**Data to examine**
----
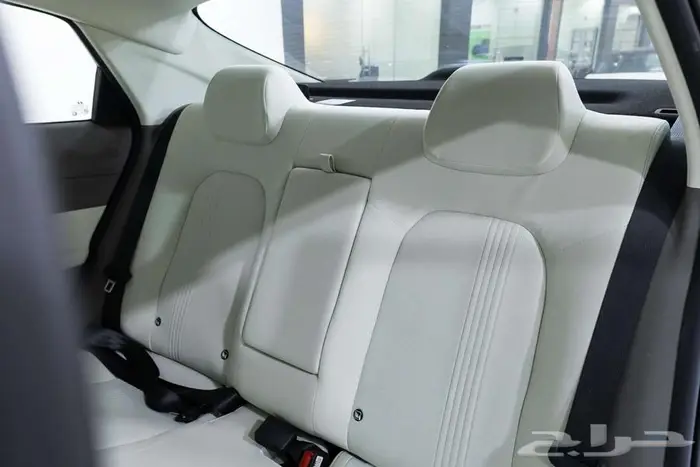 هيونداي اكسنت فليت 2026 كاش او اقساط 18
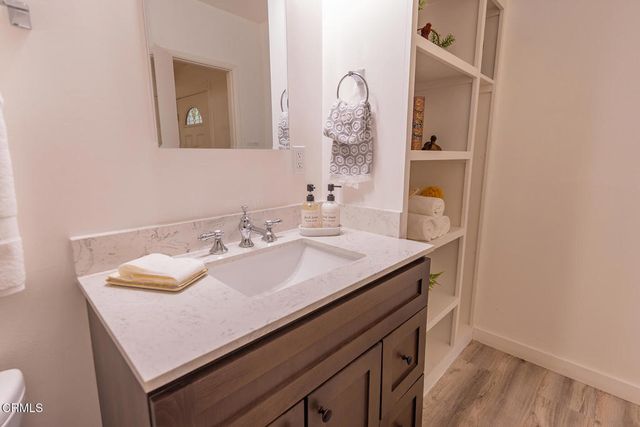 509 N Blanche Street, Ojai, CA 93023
----
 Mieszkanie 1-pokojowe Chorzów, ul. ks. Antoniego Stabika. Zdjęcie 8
----
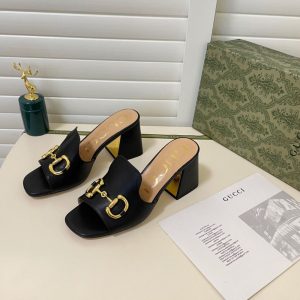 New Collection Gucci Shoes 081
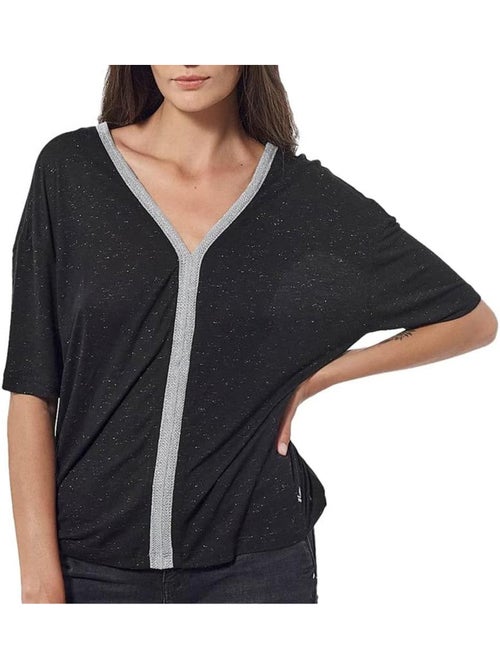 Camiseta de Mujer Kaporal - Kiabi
----
**Assigned task**
The line holding "هيونداي اكسنت فليت 2026 كاش او اقساط 18" starts the copy and the line holding "509 N Blanche Street, Ojai, CA 93023" ends it. Repeat those two lines above and all between them exactly, leaving out pictures.

**Response for this exercise**
 هيونداي اكسنت فليت 2026 كاش او اقساط 18
 509 N Blanche Street, Ojai, CA 93023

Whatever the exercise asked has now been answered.